This ensures clean, reproducible regression runs across heterogeneous environments.
Interactive access to parameter definitions, defaults, and references.
pydelphi-help -hUsage
usage: pydelphi-help [-g group] [-n param_name]
| Flag | Description |
|---|---|
-g, --group |
Print help for all parameters in a group |
-n, --param-name |
Show detailed help for one parameter (supports aliases) |
-h, --help |
Show this message and exit |
Examples:
pydelphi-help -g grid
pydelphi-help -n surfmethodSample Output
full_name: surface_method
long_name: surfacemethod
short_name: surfmethod
unit:
data_type: SurfaceMethod
options:
VDW : Van der Waals surface. (Rocchia et al. 2001, JCC https://doi.org/10.1002/jcc.1161)

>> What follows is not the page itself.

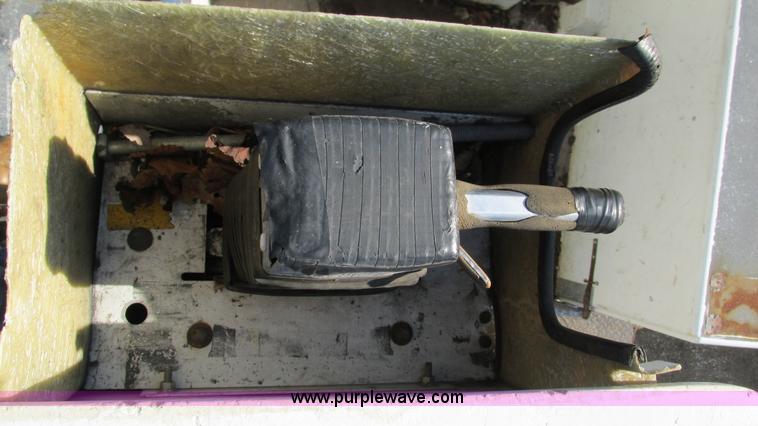 image for item I3108 1996 Ford F350 XL bucket truck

GAUSSIAN : Gaussian smoothed surface. (Panday et al. 2024, JCC https://doi.org/10.1002/jcc.27496)
GAUSSIANCUTOFF: Cutoff-based Gaussian surface (vacuum). (Chakravorty et al. 2018, JCTC https://doi.org/10.1021/acs.jctc.7b00756)
GCS : Gaussian Convolution Surface for RPBE. (Wang et al. 2021, MBE https://doi.org/10.3934/mbe.2021072)
default: SurfaceMethod.VDW
description: Method for defining solute and solvent regions:
choices {"GCS","GAUSSIAN","VDW"} (default: GAUSSIAN)
This command enumerates valid parameter names & aliases, data types, default values, and key references—serving as an in-terminal manual for all pyDelPhi inputs.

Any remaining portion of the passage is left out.